If an artist isn't placed in a 360 deal, they are shelved, and out of the 99.8% of artists signed to a record label are dropped before fulfilling their contract. What is the point of signing an artist if they aren't going to be developed? The simple answer is these new buzzing artists are shelved so that competing labels don't sign them and take away revenue from established artists. Often these artists will be used as "collaborators" on another musician's project, requiring them to crank out songs and melodies for the benefit of all participating parties except themselves. These artists receive writing credits, but in the end, they are left feeling used and disheartened from continuing their careers in music.

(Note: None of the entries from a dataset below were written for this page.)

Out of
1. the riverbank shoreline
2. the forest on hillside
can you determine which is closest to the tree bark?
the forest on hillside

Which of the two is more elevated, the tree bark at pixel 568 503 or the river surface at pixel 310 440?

With all that being said, there are a few solutions in today's era that could help upcoming artists subvert these pitfalls. The first solution is to own your master. When you own your master's, you own the copyright to the original sound recordings of your music—owning your master's grants you the legal right to make money from recordings by collecting royalties and licensing your recorded music to film, TV, adverts, etc. When signing to a label, most artists do not retain their masters as they sign them away for distribution purposes. The second solution is if you want to sign to a label, remember you can negotiate clauses and percentages to make the partnership as equitable as possible. Reading the contract and having a lawyer look over it has been such a staple piece of advice given to artists for decades that it has even become a literary trope. This advice is reasonable, for the toll a 360 deal takes on an artist outweighs the potential reward. The last solution is to remain independent and focus on the quality of your music. Write raw and relatable music so you can attract a fanbase that will support you in future endeavors, build a niche following by networking and try opening up for other small artists or performing at small venues within your budget. Singing to a label is an excellent avenue for specific artists, especially when they are getting big, but there are other options.